→ WHAT IS BEING ASKED
Copy out the data below from the line containing "Syksy drikkeglass 2dl" to the line containing "Arrow Gradient Drawstring Loose Fit Black", both lines included, with all images left out.

→ RECORDS
--- START ---

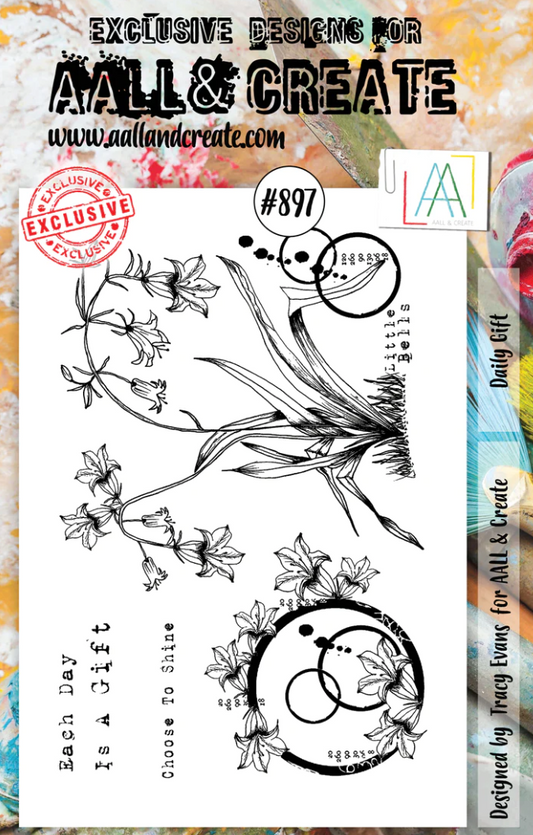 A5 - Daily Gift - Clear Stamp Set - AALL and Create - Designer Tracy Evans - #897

--- END ---
--- START ---

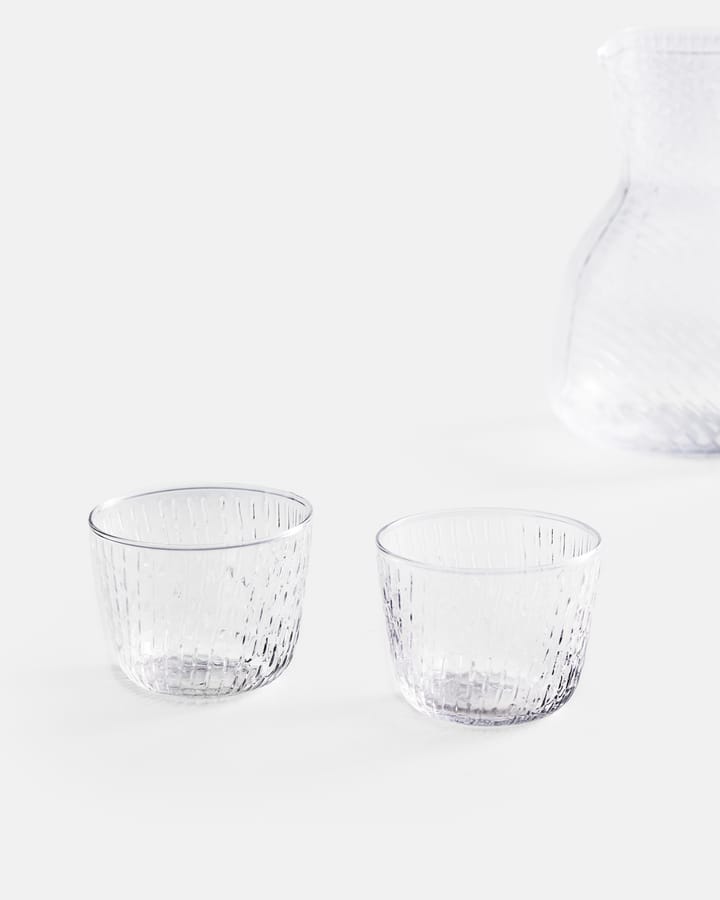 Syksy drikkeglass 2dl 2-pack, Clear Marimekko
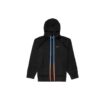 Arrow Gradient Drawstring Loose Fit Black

--- END ---

→ SOLUTION FOR THIS EXERCISE
 Syksy drikkeglass 2dl 2-pack, Clear Marimekko
 Arrow Gradient Drawstring Loose Fit Black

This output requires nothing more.